There are other factors that can cause the status quo to remain, particularly among early-stage companies, which theoretically should be more open to change. Mr. Rice explains that when speaking to these groups many point to the cost of headhunters, the time involved in looking beyond their usual gene pool for talent, and the attitude “we think our board is okay right now and we have bigger priorities to deal with”.
To combat this perennial problem LifeSci's work with Women In Bio and other organizations will identify promising potential board members and give them the skill sets that could qualify them for boards.
There is satisfaction in creating more equitable companies. But the most compelling arguments for gender diversity – arguments that could sting companies into action – might be financial ones.
Mr. Rice points to the fiscal benefits of an inclusive workforce. “Studies have shown with diverse boards the return on equity is 53% higher than non-diverse boards.” He also claims that companies with one woman on the board have shares which typically outperform the market by 25%.
With this in mind perhaps LifeSci’s work might be better focused on the venture capital world, lobbying companies who control the supply of finance to smaller groups, and where returns should drive investment decisions.
It is something Mr. Rice is considering. “You would think most of these venture firms would understand the dollar and cents issue. I’m not sure why this does not resonate further. So one of the audiences we need to get out and educate is, no question, VCs.”

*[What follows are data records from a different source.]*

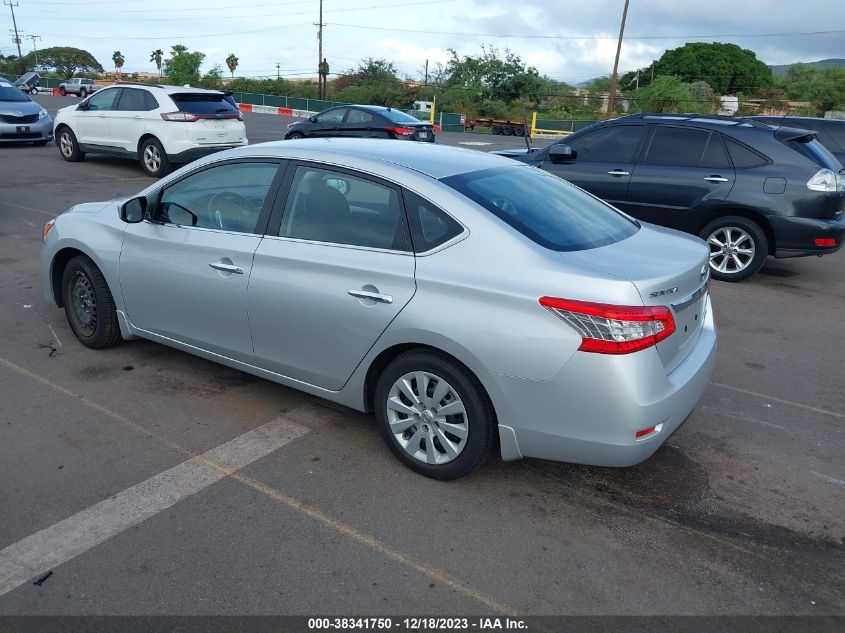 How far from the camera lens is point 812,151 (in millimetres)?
7895

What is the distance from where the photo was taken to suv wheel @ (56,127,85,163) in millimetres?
14914

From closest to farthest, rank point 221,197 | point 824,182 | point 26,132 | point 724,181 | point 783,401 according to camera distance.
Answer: point 221,197 → point 783,401 → point 824,182 → point 724,181 → point 26,132

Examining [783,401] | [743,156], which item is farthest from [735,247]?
[783,401]

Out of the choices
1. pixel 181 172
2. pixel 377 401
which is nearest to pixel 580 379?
pixel 377 401

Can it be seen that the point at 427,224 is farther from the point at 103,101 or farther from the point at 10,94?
the point at 10,94

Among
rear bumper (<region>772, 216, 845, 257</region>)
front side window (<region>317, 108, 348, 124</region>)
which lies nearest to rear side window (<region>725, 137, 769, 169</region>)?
rear bumper (<region>772, 216, 845, 257</region>)

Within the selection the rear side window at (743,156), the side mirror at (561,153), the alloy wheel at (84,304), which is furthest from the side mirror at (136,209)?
the rear side window at (743,156)

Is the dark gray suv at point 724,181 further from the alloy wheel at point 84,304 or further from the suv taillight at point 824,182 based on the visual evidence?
the alloy wheel at point 84,304

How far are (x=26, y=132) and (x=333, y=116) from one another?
7397mm

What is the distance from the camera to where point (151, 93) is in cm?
1343

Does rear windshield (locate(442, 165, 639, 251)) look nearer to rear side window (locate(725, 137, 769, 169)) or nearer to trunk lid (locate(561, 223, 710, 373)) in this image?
Answer: trunk lid (locate(561, 223, 710, 373))

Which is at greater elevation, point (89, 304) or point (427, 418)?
point (427, 418)

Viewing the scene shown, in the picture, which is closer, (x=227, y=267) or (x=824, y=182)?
(x=227, y=267)

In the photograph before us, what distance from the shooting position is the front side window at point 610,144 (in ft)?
28.8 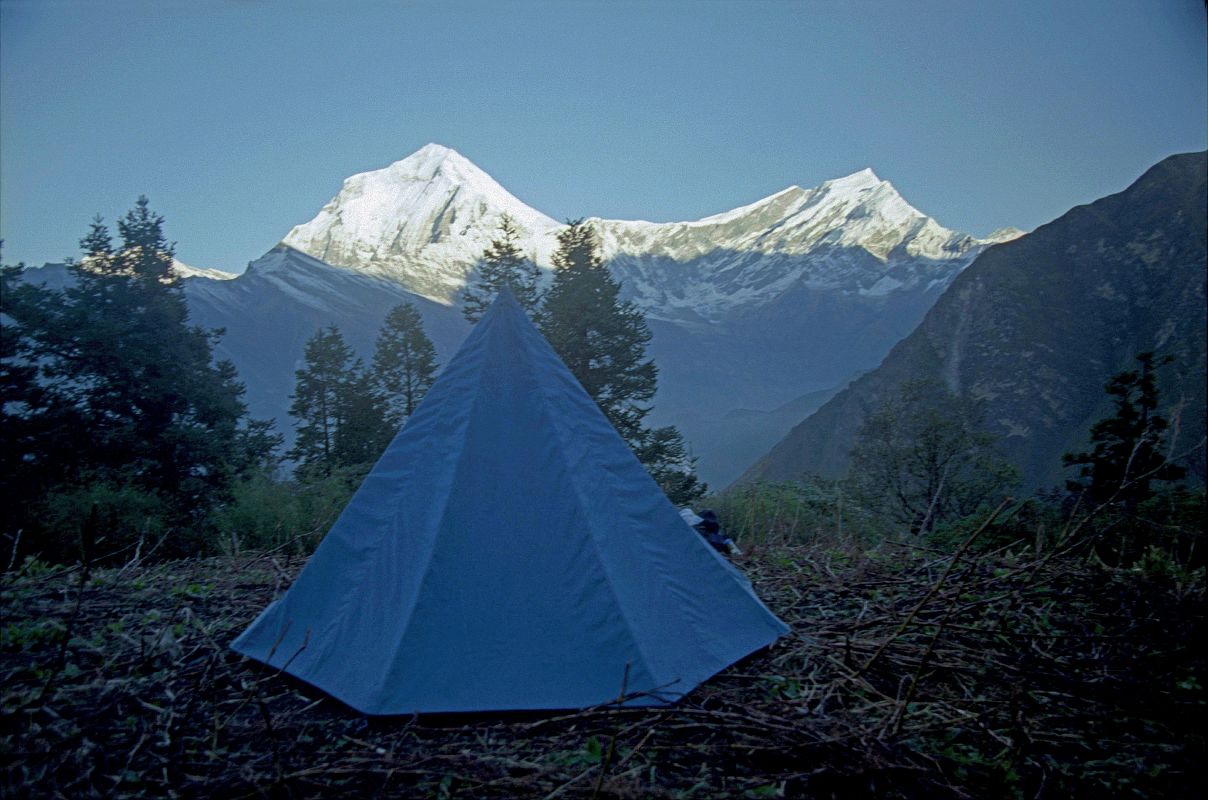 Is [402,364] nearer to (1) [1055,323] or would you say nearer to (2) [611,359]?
(2) [611,359]

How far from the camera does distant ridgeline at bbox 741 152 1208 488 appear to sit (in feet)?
253

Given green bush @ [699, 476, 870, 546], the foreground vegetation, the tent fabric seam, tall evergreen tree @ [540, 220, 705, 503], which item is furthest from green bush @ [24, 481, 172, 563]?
the tent fabric seam

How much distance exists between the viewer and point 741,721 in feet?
10.7

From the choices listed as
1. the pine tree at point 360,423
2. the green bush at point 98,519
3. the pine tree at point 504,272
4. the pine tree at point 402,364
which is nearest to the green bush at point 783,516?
the green bush at point 98,519

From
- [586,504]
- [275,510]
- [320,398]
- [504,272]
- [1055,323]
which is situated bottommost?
[275,510]

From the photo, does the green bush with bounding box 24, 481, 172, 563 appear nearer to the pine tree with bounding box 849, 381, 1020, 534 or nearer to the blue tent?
the blue tent

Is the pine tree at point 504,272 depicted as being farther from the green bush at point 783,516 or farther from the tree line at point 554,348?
the green bush at point 783,516

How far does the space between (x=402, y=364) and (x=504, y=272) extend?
6.14 metres

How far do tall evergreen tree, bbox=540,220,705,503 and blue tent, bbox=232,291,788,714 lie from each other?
A: 20629 millimetres

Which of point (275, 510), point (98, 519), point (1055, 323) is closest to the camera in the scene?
point (275, 510)

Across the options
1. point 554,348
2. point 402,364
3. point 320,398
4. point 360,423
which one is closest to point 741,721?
point 554,348

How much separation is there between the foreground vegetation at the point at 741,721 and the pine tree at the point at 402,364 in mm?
26872

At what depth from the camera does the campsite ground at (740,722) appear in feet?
9.20

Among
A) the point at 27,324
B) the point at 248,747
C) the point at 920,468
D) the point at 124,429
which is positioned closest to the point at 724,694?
the point at 248,747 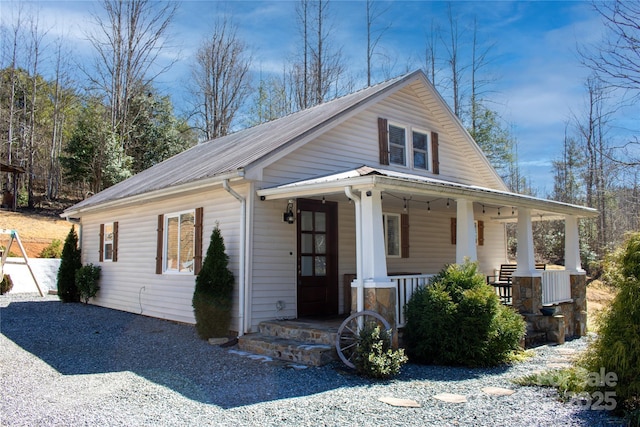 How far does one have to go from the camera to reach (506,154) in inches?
1027

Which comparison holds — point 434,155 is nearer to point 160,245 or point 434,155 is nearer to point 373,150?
point 373,150

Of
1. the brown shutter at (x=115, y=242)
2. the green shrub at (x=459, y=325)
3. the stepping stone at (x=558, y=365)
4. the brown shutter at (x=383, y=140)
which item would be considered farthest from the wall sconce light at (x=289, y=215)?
the brown shutter at (x=115, y=242)

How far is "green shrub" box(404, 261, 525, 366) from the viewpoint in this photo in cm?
713

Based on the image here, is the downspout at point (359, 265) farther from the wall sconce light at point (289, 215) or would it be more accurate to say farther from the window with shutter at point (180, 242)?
the window with shutter at point (180, 242)

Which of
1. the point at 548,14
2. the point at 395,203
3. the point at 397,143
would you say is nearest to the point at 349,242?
the point at 395,203

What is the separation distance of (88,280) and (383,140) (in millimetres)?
9011

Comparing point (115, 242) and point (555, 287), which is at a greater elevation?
point (115, 242)

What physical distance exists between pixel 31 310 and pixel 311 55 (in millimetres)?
17730

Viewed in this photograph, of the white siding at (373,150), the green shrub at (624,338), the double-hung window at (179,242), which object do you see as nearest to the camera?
the green shrub at (624,338)

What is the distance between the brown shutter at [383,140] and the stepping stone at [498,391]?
5944 mm

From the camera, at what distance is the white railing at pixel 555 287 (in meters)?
10.3

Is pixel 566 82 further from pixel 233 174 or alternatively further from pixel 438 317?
pixel 233 174

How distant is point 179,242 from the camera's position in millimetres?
10461

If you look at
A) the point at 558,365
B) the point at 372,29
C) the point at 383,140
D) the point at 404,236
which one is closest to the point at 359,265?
the point at 558,365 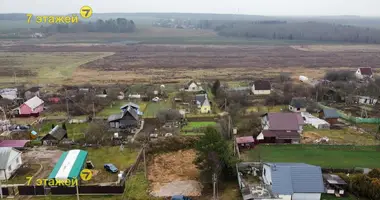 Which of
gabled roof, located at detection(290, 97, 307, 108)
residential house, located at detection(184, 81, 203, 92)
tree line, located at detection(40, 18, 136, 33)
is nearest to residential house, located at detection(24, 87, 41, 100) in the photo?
residential house, located at detection(184, 81, 203, 92)

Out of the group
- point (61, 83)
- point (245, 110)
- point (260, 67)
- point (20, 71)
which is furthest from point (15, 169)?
point (260, 67)

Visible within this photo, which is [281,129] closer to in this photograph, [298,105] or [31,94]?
[298,105]

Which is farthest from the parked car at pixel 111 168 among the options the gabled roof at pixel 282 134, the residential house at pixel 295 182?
the gabled roof at pixel 282 134

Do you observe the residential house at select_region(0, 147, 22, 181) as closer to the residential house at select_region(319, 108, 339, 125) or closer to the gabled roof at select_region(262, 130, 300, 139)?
the gabled roof at select_region(262, 130, 300, 139)

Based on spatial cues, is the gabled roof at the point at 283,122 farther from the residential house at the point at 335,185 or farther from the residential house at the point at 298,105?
the residential house at the point at 335,185

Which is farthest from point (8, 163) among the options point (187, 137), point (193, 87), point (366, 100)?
point (366, 100)

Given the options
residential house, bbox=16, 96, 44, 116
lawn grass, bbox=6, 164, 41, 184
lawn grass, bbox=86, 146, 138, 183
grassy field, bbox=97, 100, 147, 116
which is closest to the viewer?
lawn grass, bbox=6, 164, 41, 184

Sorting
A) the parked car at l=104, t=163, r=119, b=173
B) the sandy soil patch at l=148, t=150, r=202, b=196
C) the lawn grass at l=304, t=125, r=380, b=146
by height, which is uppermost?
the parked car at l=104, t=163, r=119, b=173

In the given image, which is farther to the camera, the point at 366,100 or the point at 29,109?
the point at 366,100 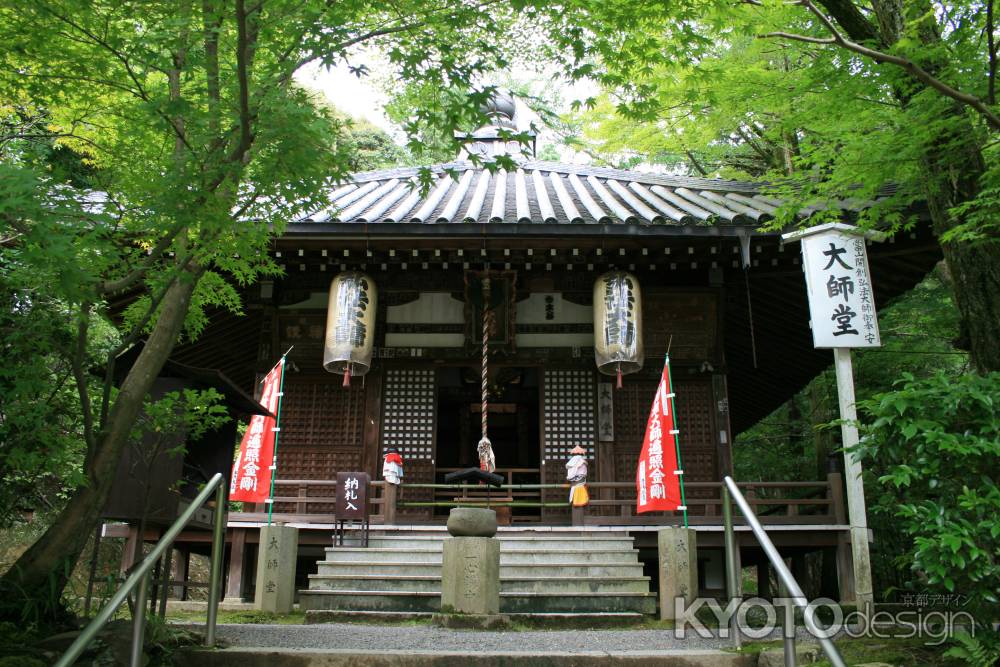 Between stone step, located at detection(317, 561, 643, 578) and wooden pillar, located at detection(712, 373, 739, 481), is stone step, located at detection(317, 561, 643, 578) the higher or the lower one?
the lower one

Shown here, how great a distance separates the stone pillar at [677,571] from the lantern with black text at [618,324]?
3216mm

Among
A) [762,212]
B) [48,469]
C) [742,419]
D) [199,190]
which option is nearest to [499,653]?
[48,469]

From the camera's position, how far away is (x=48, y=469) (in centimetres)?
420

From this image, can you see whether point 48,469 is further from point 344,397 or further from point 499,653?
point 344,397

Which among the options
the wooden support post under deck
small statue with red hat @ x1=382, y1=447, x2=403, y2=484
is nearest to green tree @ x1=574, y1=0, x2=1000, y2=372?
small statue with red hat @ x1=382, y1=447, x2=403, y2=484

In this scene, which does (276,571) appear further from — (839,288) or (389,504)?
(839,288)

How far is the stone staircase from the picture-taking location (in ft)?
23.0

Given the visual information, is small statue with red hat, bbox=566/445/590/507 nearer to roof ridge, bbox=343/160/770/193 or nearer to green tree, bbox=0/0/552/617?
roof ridge, bbox=343/160/770/193

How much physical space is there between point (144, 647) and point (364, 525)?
4.48 meters

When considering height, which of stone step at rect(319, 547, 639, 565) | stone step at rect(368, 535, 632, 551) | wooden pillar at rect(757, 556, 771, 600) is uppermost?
stone step at rect(368, 535, 632, 551)

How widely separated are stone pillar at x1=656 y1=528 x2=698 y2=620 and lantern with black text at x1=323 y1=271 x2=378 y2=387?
486 cm

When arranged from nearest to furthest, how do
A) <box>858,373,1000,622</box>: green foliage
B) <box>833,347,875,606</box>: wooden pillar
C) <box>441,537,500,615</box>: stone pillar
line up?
1. <box>858,373,1000,622</box>: green foliage
2. <box>441,537,500,615</box>: stone pillar
3. <box>833,347,875,606</box>: wooden pillar

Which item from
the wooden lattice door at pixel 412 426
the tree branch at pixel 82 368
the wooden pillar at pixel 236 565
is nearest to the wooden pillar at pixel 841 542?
the wooden lattice door at pixel 412 426

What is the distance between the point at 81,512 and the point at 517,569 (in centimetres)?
454
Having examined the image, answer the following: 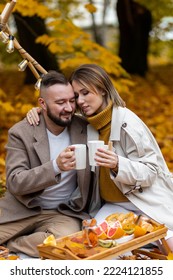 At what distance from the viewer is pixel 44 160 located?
12.9ft

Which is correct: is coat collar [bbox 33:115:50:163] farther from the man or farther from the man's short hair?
the man's short hair

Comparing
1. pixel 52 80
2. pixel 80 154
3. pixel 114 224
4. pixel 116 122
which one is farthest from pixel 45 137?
pixel 114 224

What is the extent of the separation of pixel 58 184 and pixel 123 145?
56cm

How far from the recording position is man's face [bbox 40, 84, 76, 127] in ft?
12.6

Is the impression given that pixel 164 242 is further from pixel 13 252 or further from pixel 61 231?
pixel 13 252

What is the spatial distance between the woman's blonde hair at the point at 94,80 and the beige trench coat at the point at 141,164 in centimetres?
12

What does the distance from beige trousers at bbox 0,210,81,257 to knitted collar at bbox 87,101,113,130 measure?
2.30 feet

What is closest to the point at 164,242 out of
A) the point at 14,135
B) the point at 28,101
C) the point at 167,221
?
the point at 167,221

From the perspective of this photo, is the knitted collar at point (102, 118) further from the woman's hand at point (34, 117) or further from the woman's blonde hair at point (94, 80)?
the woman's hand at point (34, 117)

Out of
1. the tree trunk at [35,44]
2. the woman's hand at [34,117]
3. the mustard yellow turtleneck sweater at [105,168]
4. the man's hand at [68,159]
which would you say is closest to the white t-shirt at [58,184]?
the woman's hand at [34,117]

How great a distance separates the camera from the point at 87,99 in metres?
3.80

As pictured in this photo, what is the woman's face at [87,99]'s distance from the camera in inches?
150

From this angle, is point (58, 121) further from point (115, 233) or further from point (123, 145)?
point (115, 233) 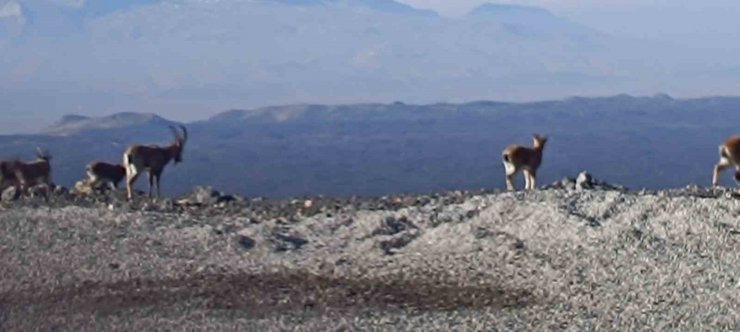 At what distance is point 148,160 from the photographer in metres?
30.4

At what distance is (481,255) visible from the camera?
18844 millimetres

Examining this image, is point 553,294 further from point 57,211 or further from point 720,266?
point 57,211

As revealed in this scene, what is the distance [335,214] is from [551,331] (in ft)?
25.1

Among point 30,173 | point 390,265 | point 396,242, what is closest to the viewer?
point 390,265

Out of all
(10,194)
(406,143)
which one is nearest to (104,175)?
(10,194)

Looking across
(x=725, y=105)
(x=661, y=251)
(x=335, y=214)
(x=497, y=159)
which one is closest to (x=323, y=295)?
(x=661, y=251)

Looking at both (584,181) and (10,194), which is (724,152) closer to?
(584,181)

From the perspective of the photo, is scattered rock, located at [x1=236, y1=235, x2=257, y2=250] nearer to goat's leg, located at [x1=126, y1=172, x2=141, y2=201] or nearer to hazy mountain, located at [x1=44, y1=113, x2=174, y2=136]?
goat's leg, located at [x1=126, y1=172, x2=141, y2=201]

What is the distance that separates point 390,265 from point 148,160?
12635 millimetres

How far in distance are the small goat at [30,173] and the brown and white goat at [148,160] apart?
54.5 inches

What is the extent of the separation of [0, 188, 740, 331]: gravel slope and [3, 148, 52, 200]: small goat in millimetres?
4421

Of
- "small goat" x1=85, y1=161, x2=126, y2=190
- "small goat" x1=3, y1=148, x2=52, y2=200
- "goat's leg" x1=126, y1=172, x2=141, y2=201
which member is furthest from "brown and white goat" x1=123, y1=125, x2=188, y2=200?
"small goat" x1=3, y1=148, x2=52, y2=200

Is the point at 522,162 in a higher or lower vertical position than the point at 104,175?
higher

That might be a difficult conversation given that industry is itself struggling with diversity issues. While externally a lot of LifeSci’s actions may seem like a large PR stunt for a company that was figuratively caught with its pants down over gender diversity, Mr. Rice is adamant that the group is in this for the long haul.
“We are not going to do this for three or six months and go away, we are going to need to do this for long time, because that’s the only way we will make true progress.”
Many in the industry be watching LifeSci closely to see if it keeps it promises. They will also watching to see if real change does come out of this.